The clock is ticking for Ankara and its madmen leader Recep Tayyip Erdogan as lawmakers in Brussels are drawing up a list of potential sanctions against Turkey, in an effort to get Ankara to limit its disputed maritime gas exploration in the eastern Mediterranean to its own territorial waters.
Cyprus and Greece—the two countries most troubled by the menace of Turkey have issued a closeted warning to the EU saying they will only agree to sanctions against Belarus — which are finished and ready for approval — if sanctions are also levelled on Ankara. The measures can only be enacted by unanimous consent, so each member country can potentially block the move.
“We do need dialogue, but not when held at gunpoint. What threatens my country’s security and stability threatens the well-being and safety of all EU member states,” Greek Prime Minister Kyriakos Mitsotakis said, in an article published in the London Times, Germany’s Frankfurter Allgemeine Zeitung and France’s Le Monde newspapers.

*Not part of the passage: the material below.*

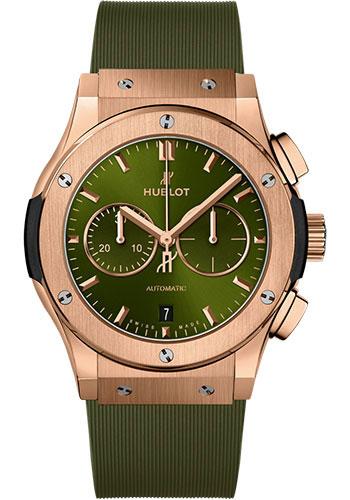 Hublot Classic Fusion Chronograph King Gold Green Watch - 42 mm - Green Dial - Green Lined Rubber Strap-541.OX.8980.RX - Luxury Time NYC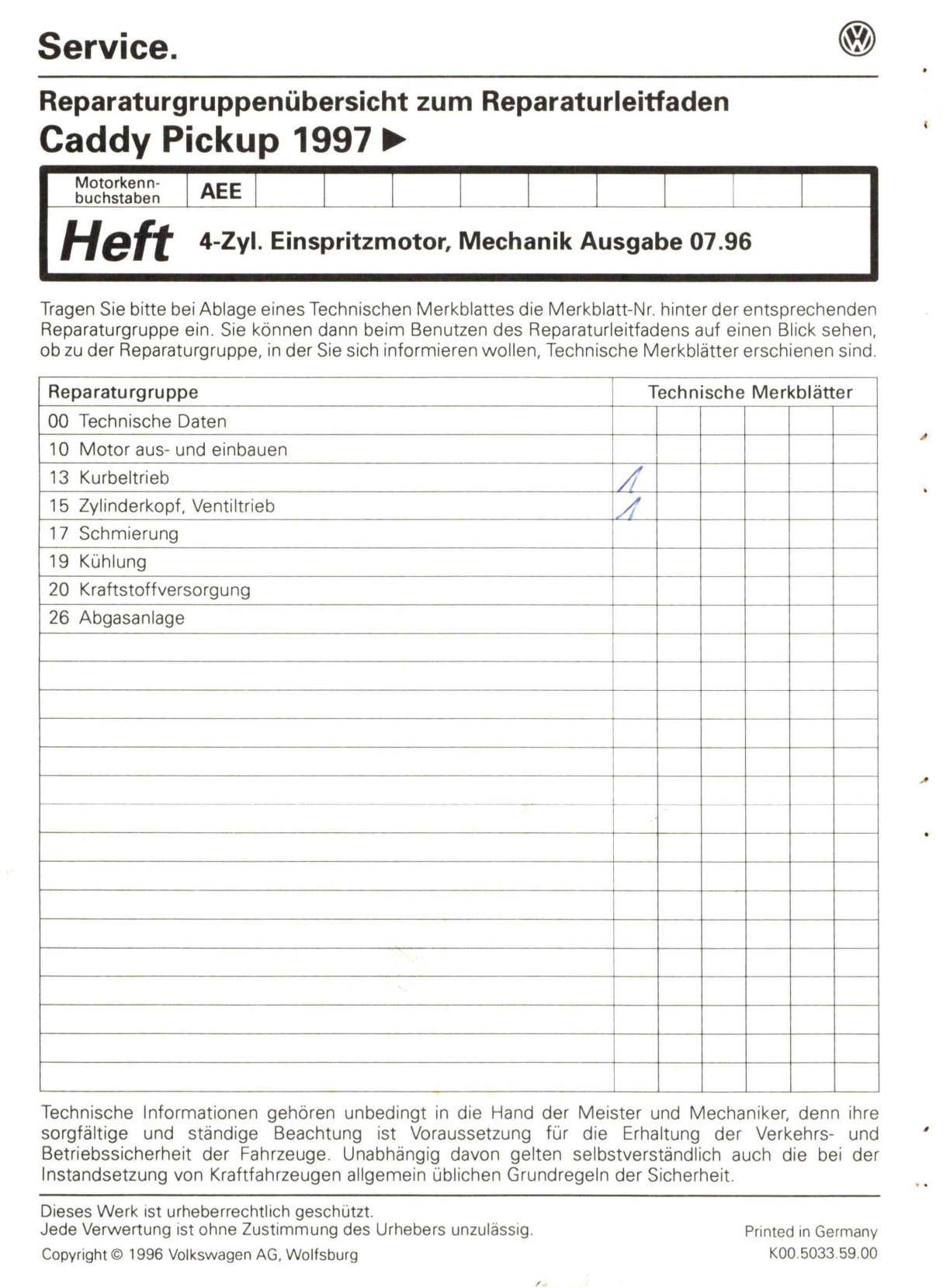 VW Caddy Pickup Typ 9U 1996-2000 Benzinmotor Mechanik 75 PS Reparaturanleitung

“If Europe wants to exercise true geopolitical power, it simply cannot afford to appease a belligerent Turkey,” Mitsotakis said.
Turkey’s fellow East Mediterranean countries- Israel, Egypt, Greece, Cyprus and all major global powers including France, Russia, India, the UAE, and the US are breathing down Ankara’s neck and sanctions from the EU looks given.
Reported by TFI, the combined bloc of Cyprus, Egypt, France, Greece, and the UAE had already signed a declaration in May denouncing Turkey’s illegal drilling efforts around Cyprus, its military intervention in Libya, and its maritime borders deal with the GNA. The EU sanctions are the natural progression
A summit of seven European Union member states on the Mediterranean, due to take place on Thursday, will push for a common EU position regarding Turkey. The summit is being hosted by French President Emmanuel Macron who himself has been at loggerheads with Turkey.
France has strongly backed Greece and Cyprus in a growing standoff with Turkey over hydrocarbon resources and naval influence in the eastern Mediterranean, which has sparked fears of more severe conflict.
The French President has assumed paramount importance in the conflict and has overshadowed Germany, which, truth be told, has looked out of ideas.
Berlin — which now holds the EU’s rotating presidency — has attempted to mediate between the three countries, with little to show for the effort. The de Facto leader of EU, Angela Merkel has been one big dud in the entire exchange as it looks like Germany has succumbed to Turkey’s whimsies
If the growing pressure on EU is anything to go by and if sanctions do come into play, it wouldn’t be a hyperbole to predict that the EU could formally end its long-running negotiations with Turkey over EU membership,
The United States has had just about enough of the Islamist President Erdogan and has decided to partially lift the decades-old arms embargo on Cyprus, one of the biggest victims of Turkish expansionism and belligerence in the Eastern Mediterranean. Ankara, which had violently partitioned Cyprus in 1974, is responsible for most Cyrpus’ woes today.
The US State Department has disclosed that from October 1, the United States will remove the embargo for one year on sale or transfer of “non-lethal defence articles and defence services”, which was imposed in 1987 with the hope that it would help reunify the island country of Cyprus.
Ankara has emerged as a villain in the new world order where its President Erdogan thinks himself off as a ‘wannabe khalifa’ who has the responsibility to usher the world into a bygone era. The quest of creating an empire reminiscent to that of the Ottoman Empire, might just spell doom for Turkey, and the EU sanctions could be the beginning of the end for it.